Self-enquiry is still downstage front and center. We begin this time with defining it, as: Investigating “whatever our experience is in all its layers”. Especially the problematic experiences of our selves.
The Trauma.
Less than perfect certainty about our beliefs make us anxious; being certain (about anything, it hardly matters) provides a sense of security.
Yet without uncertainty we can have no experience of mystery.
Did we lose anything important when self-addressed stamped envelopes stopped being a thing? I think maybe so, but I am, rationally, not sure. If I did believe strongly one way or the other, and then I let go of that strong opinion, would I still continue to exist?
Seems probable. Is there such a thing as a belief you would be willing to die for? Is having one a good thing? Is lacking such a belief a good thing?
She had a moment, upon realizing that several of the most poor areas in all of Europe were in Britain, and that all of those poorest areas voted to leave the European Union. To Brexit. She was compelled by honor to ask herself why that would be.

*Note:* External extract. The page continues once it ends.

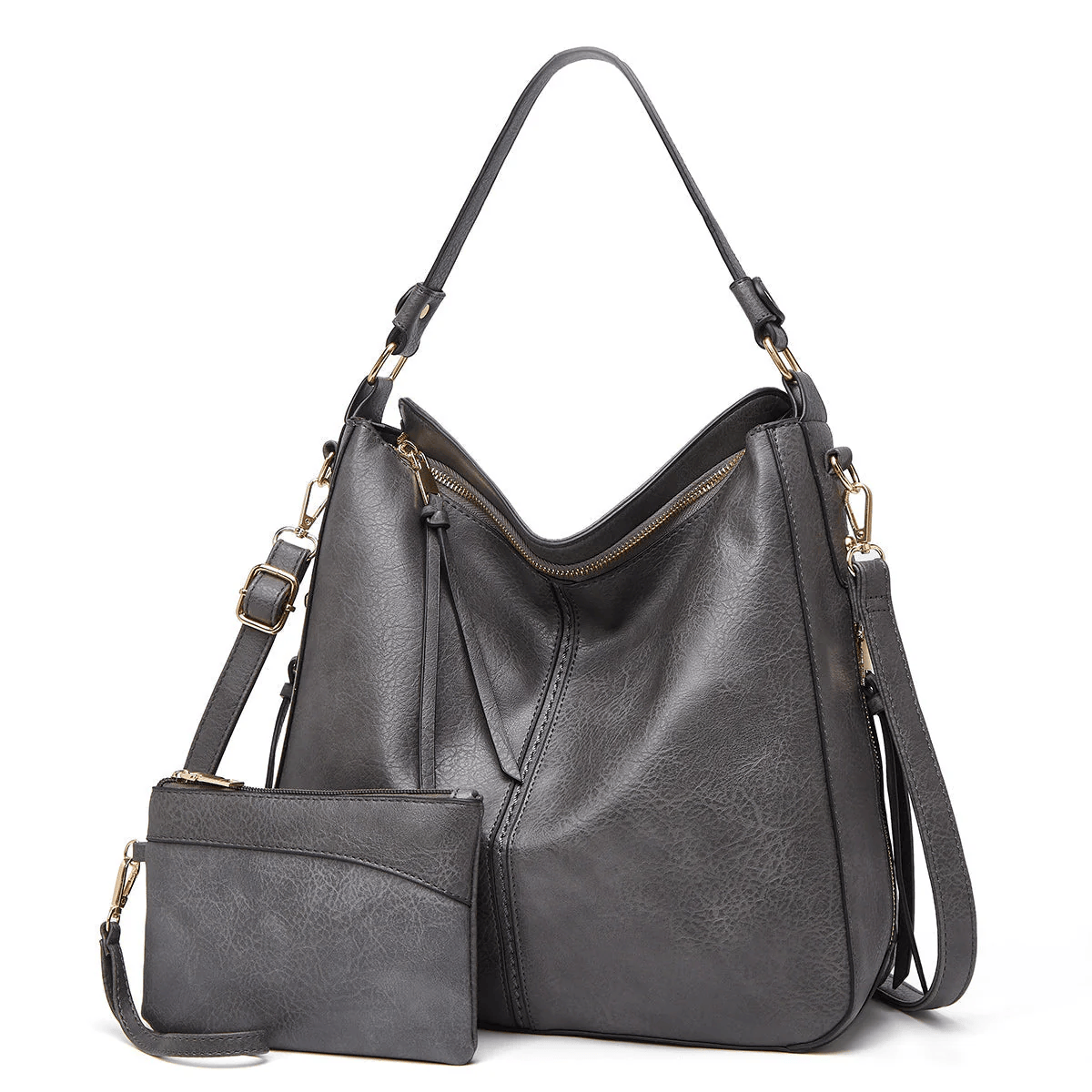 EDITH | Classic Vintage Bag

Which reminds me of the current discussions about how self-identified Democrats now own 70% of all wealth in the USA now, when it used to be, they said, the party of the working class.
Finally there’s this.
It’s a hard thing, to go through life always being right, because you are then not free, but forced by the circumstance to constantly wonder why other people
are so stupid.
I think we can leave it sitting right at the place called word count 1900.